Evidemment que durant mon enfance et mon adolescence, j’ai désobéi à mes parents, mais en dehors du petit cercle familial, non. Aucun cours séché. Pas de bulletin trafiqué. Et depuis, ce sens de la justice complètement démesuré m'est resté. Je ne passe jamais à la caisse prioritaire du supermarché, parce que je ne suis pas prioritaire. Je ne m’assois pas aux places réservées dans le bus, même quand il est vide. Je ne sors jamais dans la rue avec mon verre, même quand le barman ne dit rien. Et je traverse toujours sur le passage piéton, quand le petit bonhomme est vert. Toujours. Même quand le passage piéton est à 800 mètres et que la rue est déserte. Pour moi, ça me semble normal, mais pour mes proches c'est devenu un running gag. 

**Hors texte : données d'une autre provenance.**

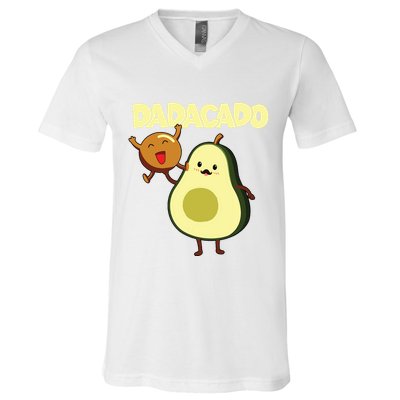 Dadacado Avocado 1st Birthday Dad Daddy Father Dada V-Neck T-Shirt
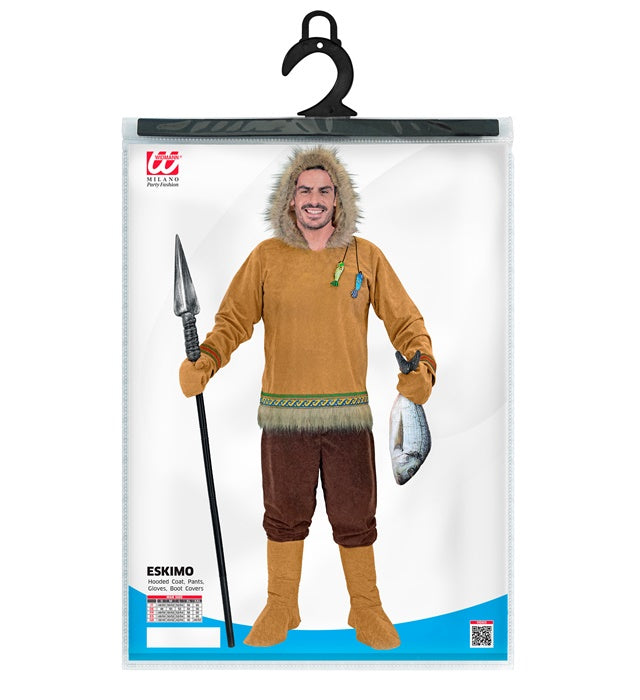 Eskimo-Kostüm mit Kapuzenoberteil, Hose, Handschuhen und Stiefelüberziehern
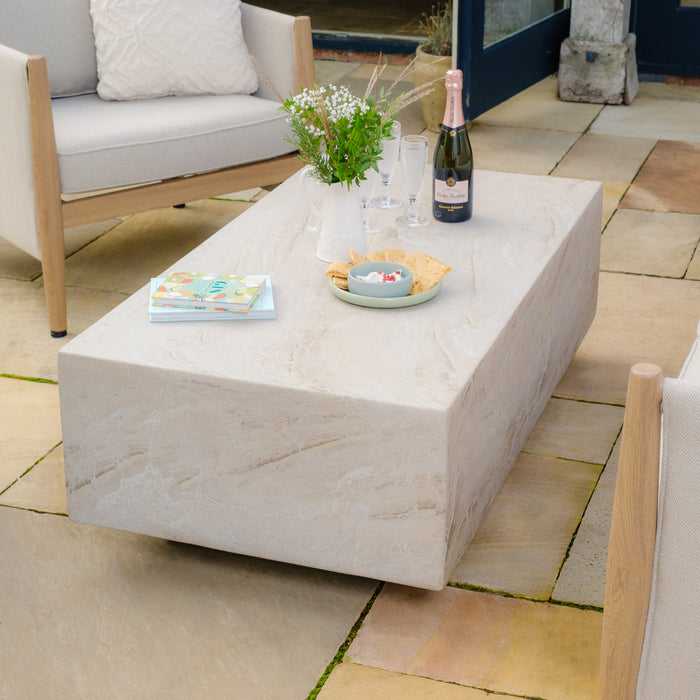 Rectangular Garden Stone Coffee Table in Marble Effect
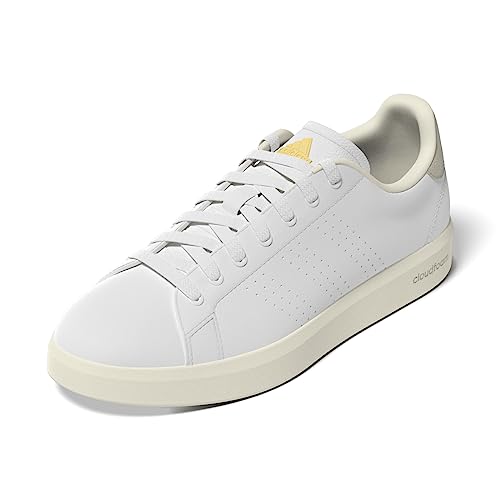 adidas dame advantage leder schuhe cloud white/silver, 38 eu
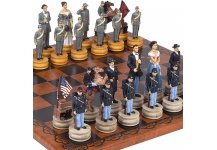 (image for) Hand Painted American Civil War Chessmen & Georgio Chess Board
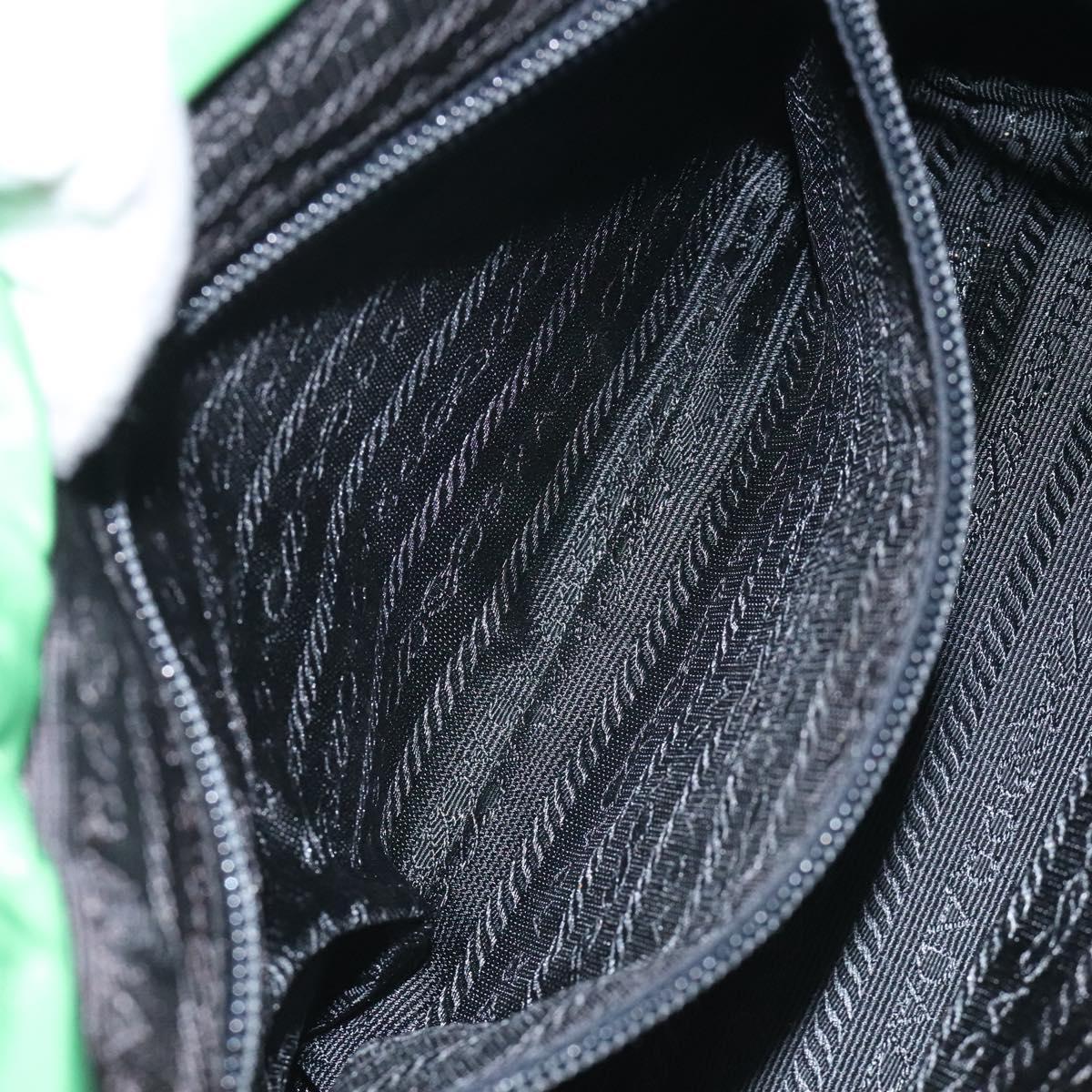 PRADA Hand Bag Nylon Green Gold Auth 128230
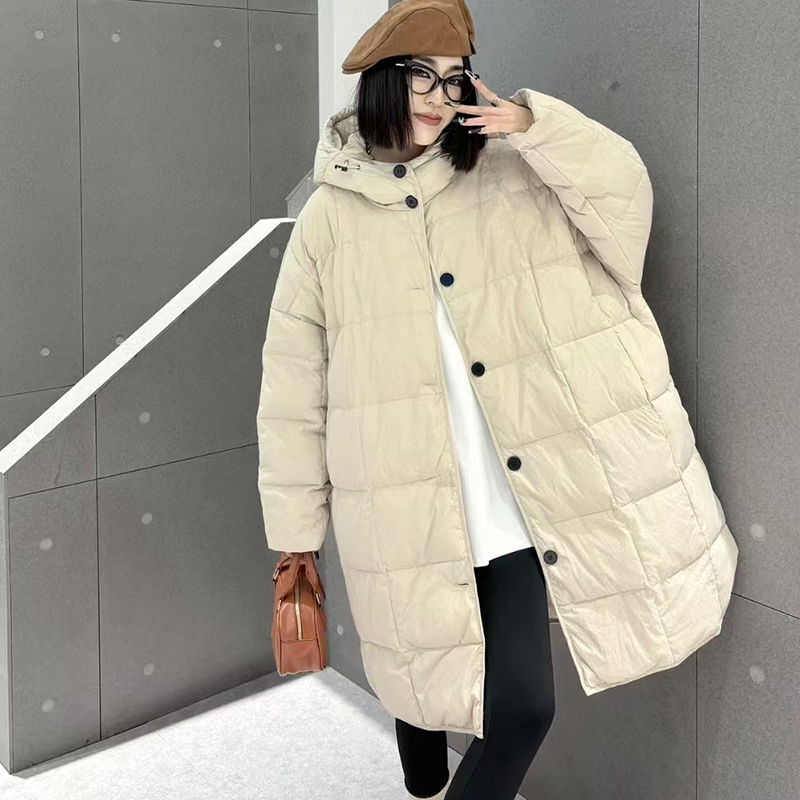 【曼曼专属】冬季新款欧洲站休闲时尚连帽百搭文艺中长款羽绒服女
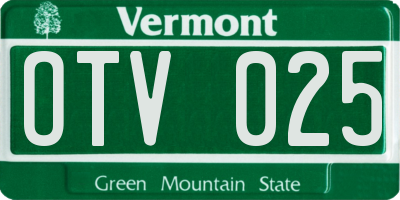 VT license plate OTV025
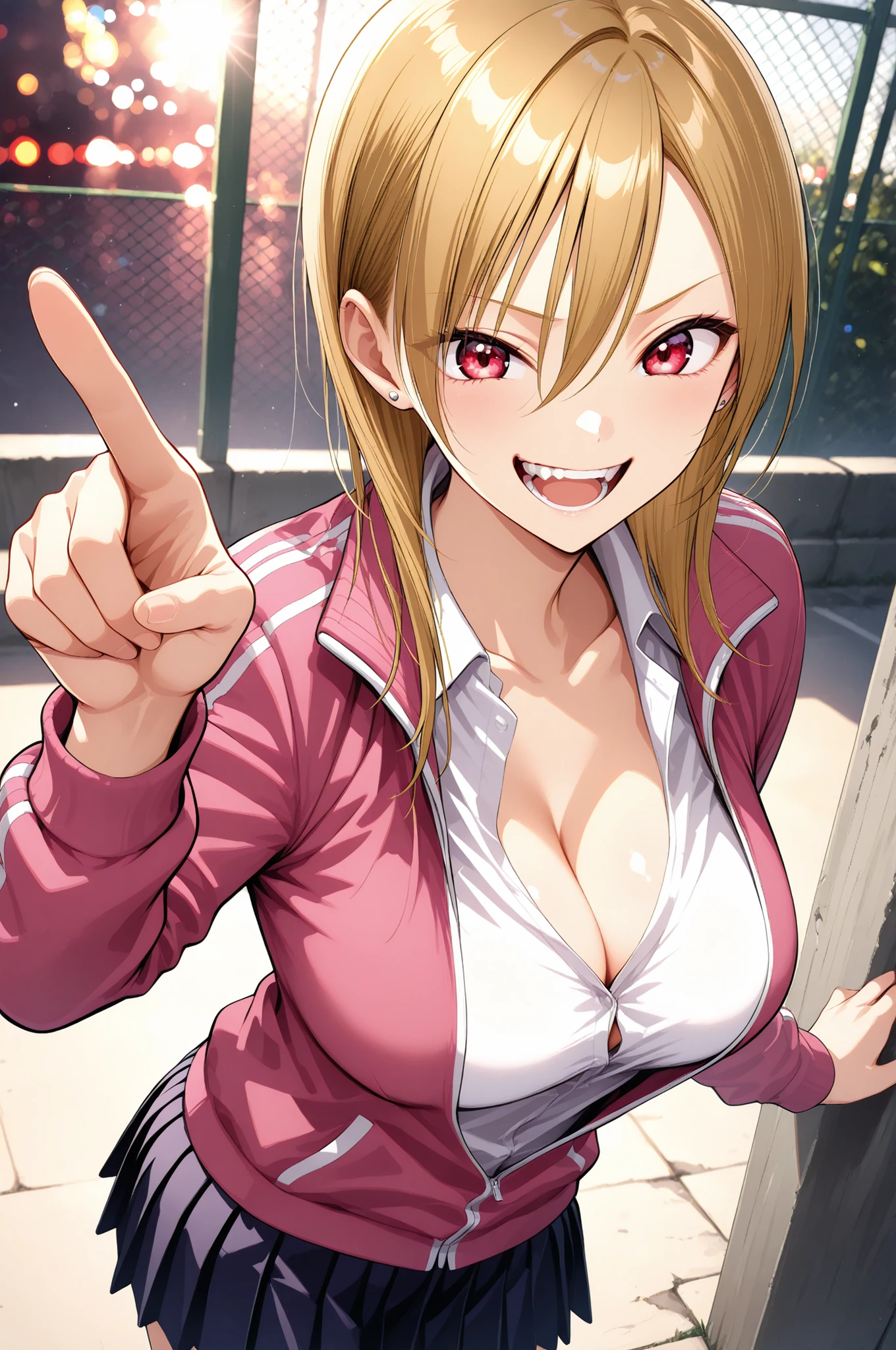 Anime Beautiful Girl, Pointing pose, Laughter, showing teeth, beautiful skin, Slender Body, akutu_riko, red eyes, blonde hair, medium hair, hair between eyes, ear piercing, cleavage, pink track jacket, white shirt, collared shirt, pleated skirt,  beautiful rainbow eyes , Cyberlighting, Concrete fence, EXQUISITE AND REALISTIC, soft lighting, Warm Colors, Beautiful bokeh, 4K rendering. 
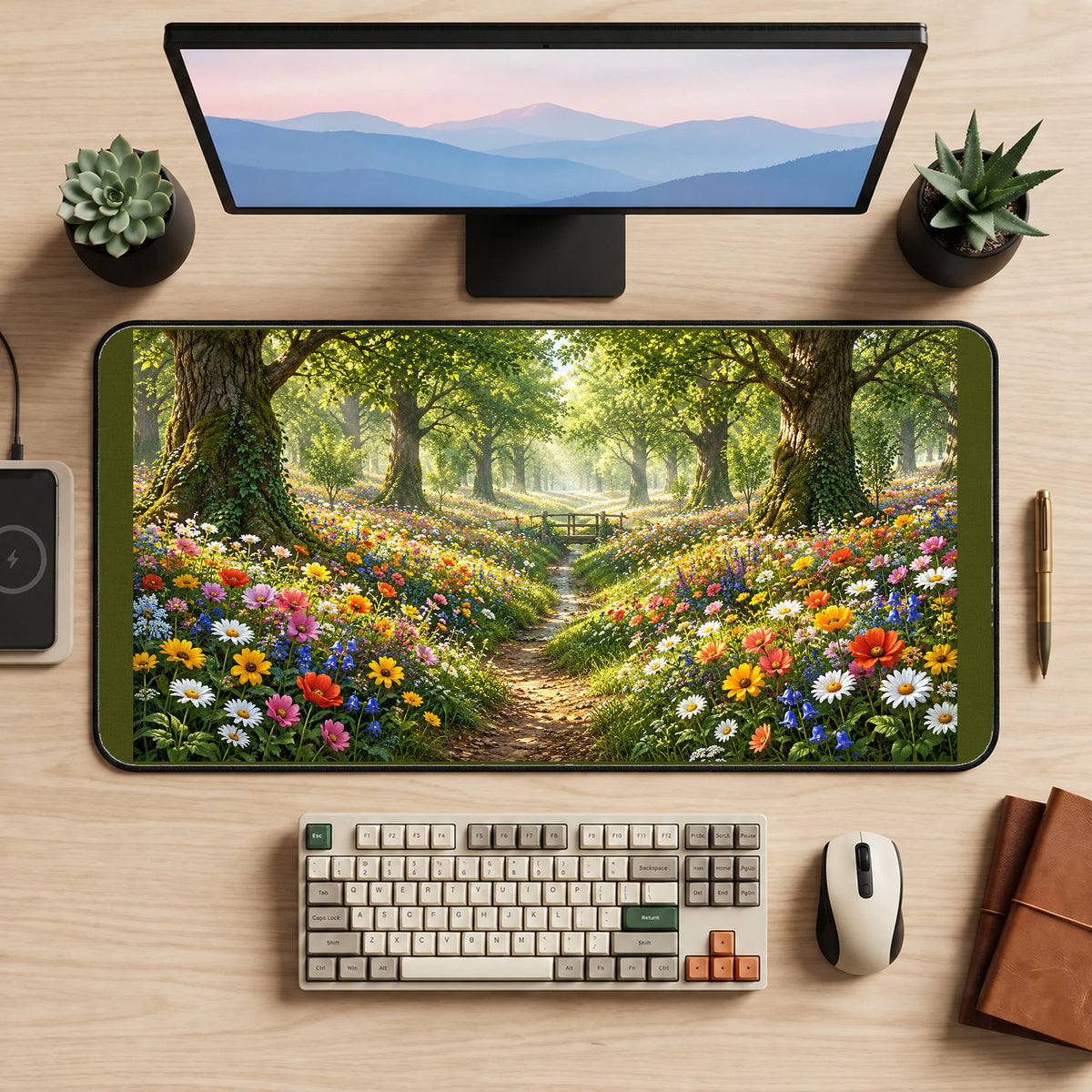 Sunlit Forest Wildflower Path desk mat — product mockup 2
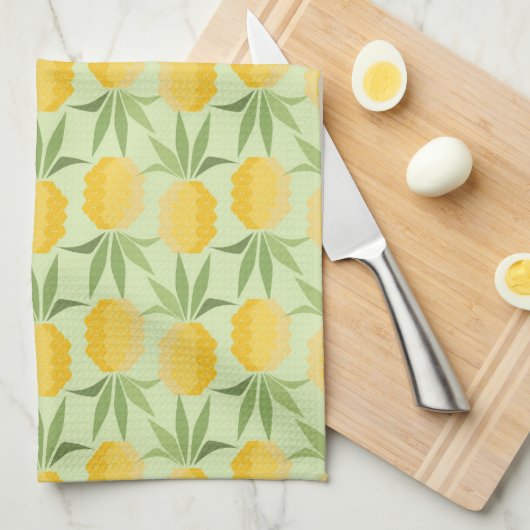 Retro-ananassen Theedoek (Quarter Fold)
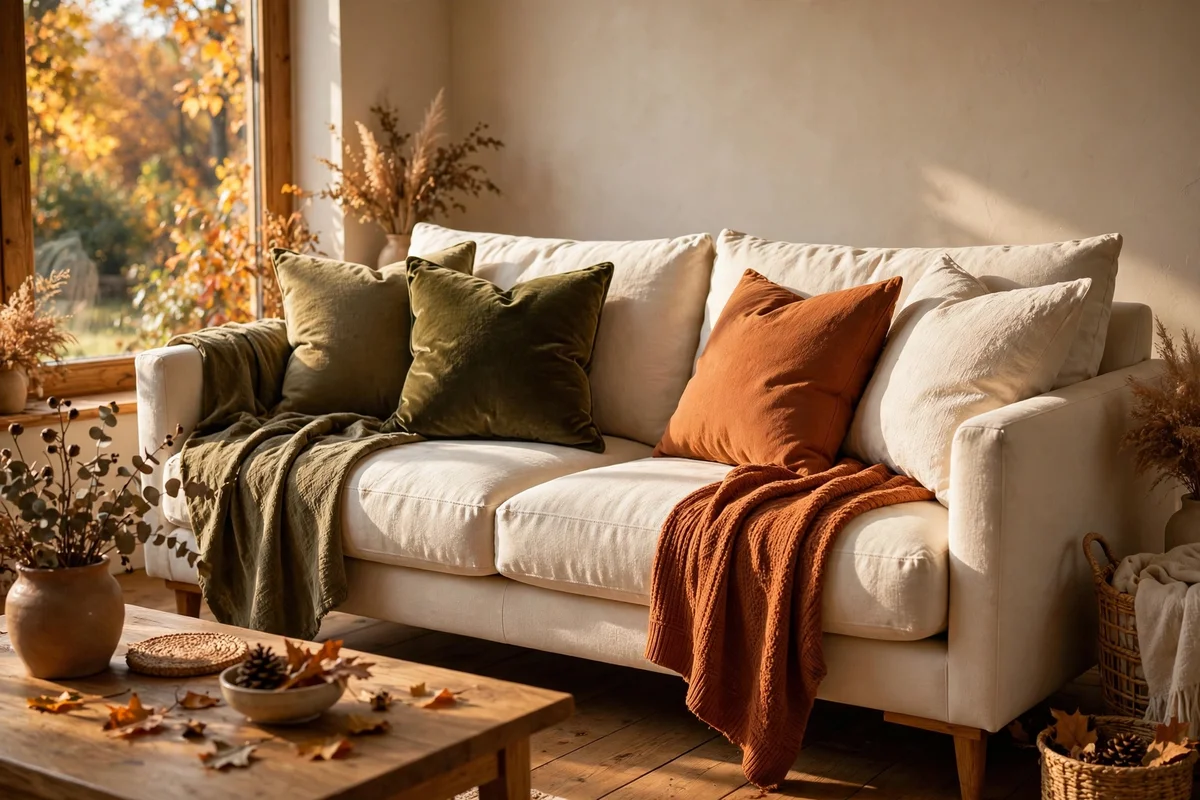 Sofa with cream, olive and rust cushion covers in warm autumn light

“Si vous demandez à un échantillon de personnes ce que leur évoque l’obéissance et le respect des règles, vous aurez très sûrement en retour des règles héritées de l’enfance, familiales ou provenant de l’éducation”, commence Aurore Le Moing, psychothérapeute en région parisienne. Selon elle, le respect des règles fait référence aux premiers apprentissages. Ces premiers apprentissages commencent très tôt, aux alentours de deux ans et la célèbre période du “non” et poursuivent, se développent et se multiplient, jusqu’à l’âge adulte. “Soit on nous a expliqué pourquoi faire ceci ou cela et respecter certaines règles tout en gardant un esprit critique et auquel cas, nous avons compris l’intérêt de s’y soumettre. Soit, on a appliqué bêtement des codes, sans y réfléchir réellement”, expose la spécialiste. D’autres enfin ont appris à respecter certaines règles, et en défier d’autres, parce que leur esprit critique était suffisamment aiguisé pour savoir quelles étaient les règles utiles pour la société et celles qui étaient vaines. La chance. A l’âge adulte, que se passe-t-il ? En réalité, on applique simplement ce qu’on a appris et retenu de notre éducation, en modérant avec notre propre expérience.

Mon incapacité latente à ne pas sortir des clous serait donc héritée de mon enfance. Finalement, cette histoire de petite gomme chat m'a peut-être beaucoup plus marqué que je l'imaginais. Ou alors je manque d'esprit critique, mais je connais cette théorie et non, je n'y crois pas. Au final, je pense surtout que je manque d’entraînement. Sauf au Uno. Parce que oui, en fait, j’ai appris à ne pas respecter les règles, mais juste aux jeux de cartes.